Unnamed: 0,Borough,Cluster Labels,1st Most Common Venue,2nd Most Common Venue,3rd Most Common Venue,4th Most Common Venue,5th Most Common Venue
1,East Toronto,4,Italian Restaurant,Coffee Shop,Restaurant,Café,Bakery
6,Central Toronto,4,Coffee Shop,Restaurant,Park,Café,Japanese Restaurant
11,Downtown Toronto,4,Coffee Shop,Bakery,Restaurant,Park,Italian Restaurant
12,Downtown Toronto,4,Japanese Restaurant,Coffee Shop,Restaurant,Hotel,Café
13,Downtown Toronto,4,Coffee Shop,Park,Bakery,Café,Restaurant
14,Downtown Toronto,4,Coffee Shop,Restaurant,Japanese Restaurant,Italian Restaurant,Café
15,Downtown Toronto,4,Coffee Shop,Café,Restaurant,Italian Restaurant,Gym
16,Downtown Toronto,4,Coffee Shop,Restaurant,Café,Bakery,Park
17,Downtown Toronto,4,Coffee Shop,Italian Restaurant,Café,Japanese Restaurant,Bar
18,Downtown Toronto,4,Coffee Shop,Café,Restaurant,Hotel,Gym


Cluster 5 seems to be realted with coffee shops, restaurant, café.

## Conclusions
During this exercise we have gone from web data to pandas, then to a map and finally we have used machine learning to cluster neighborhoods depending on the type of venus they have.  
We have used 5 clusters:  
- Clusters 1 (red),3 (light blue) and 5 (orange) have many coffee shops and Cafés.

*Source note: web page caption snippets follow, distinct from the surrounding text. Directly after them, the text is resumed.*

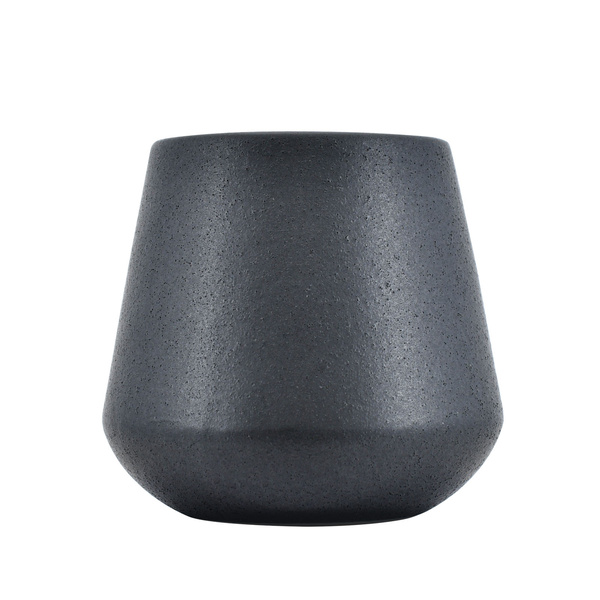 STARTER KIT VOOR YERBA MATE BOMBILLA KALEBAS 500g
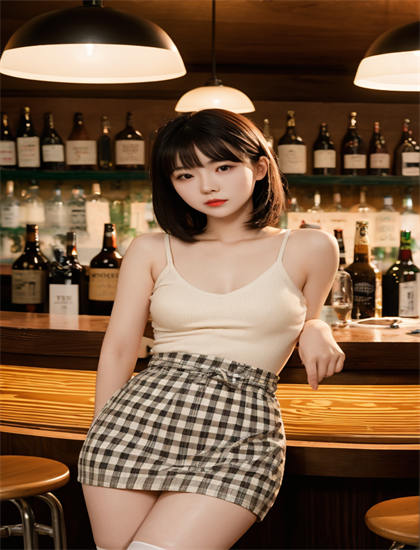 巡回检察组在线观看全集_暖暖免费高清日本视频免费_海贼王925在线观看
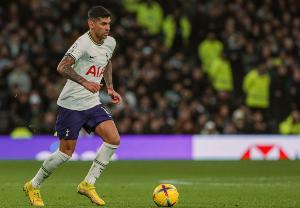 世界赛赛程-英媒:罗梅罗是否愿续约将影响热刺做决定 若出售热刺要价6000万镑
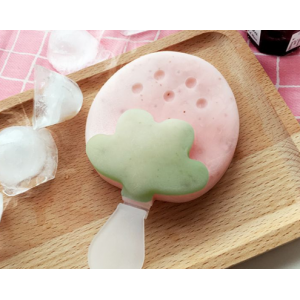 雪糕批发怎么找货源（解析雪糕批发怎么进货）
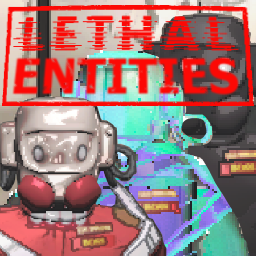 yeahimliam-Lethal_Entities_Suits icon
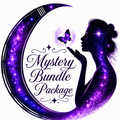 Mystery Bundle Package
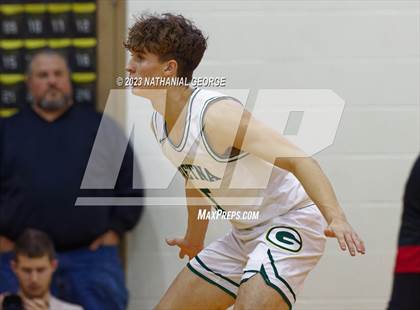 Thumbnail 3 in Omaha Westside @ Gretna photogallery.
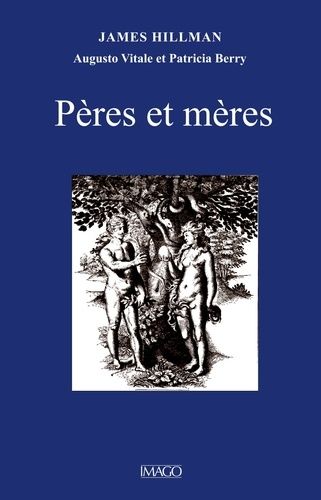 Emprunter Pères et mères livre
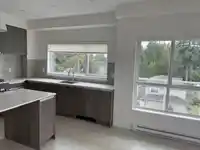 403 14225 103A AVENUE - thumbnail 9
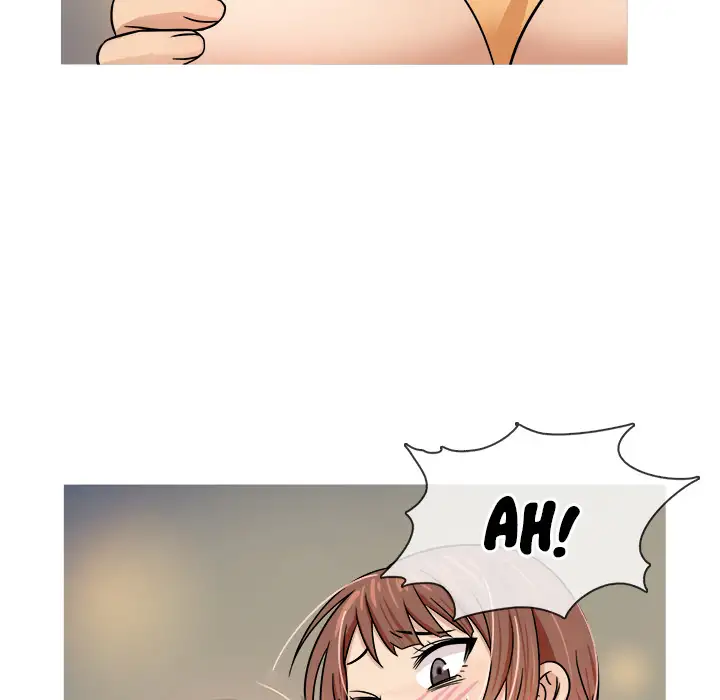 Love Me More - Chapter 2 [photo 83] - MangaPorn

Additionally you can have some food at restaurants around there and you have some parks as well. If you want to have cake with your cofee, then best cluster is 3 (light blue). Cluster 1 has more parks and Cluster 5 more bar-restaurants.
- Cluster 2 (purple) is the healty cluster, where you can find parks and gyms.
- Cluster 4 (orange) is the most balanced cluster. It has parks, restaurants and hotels. The only thing missing there is coffee shops.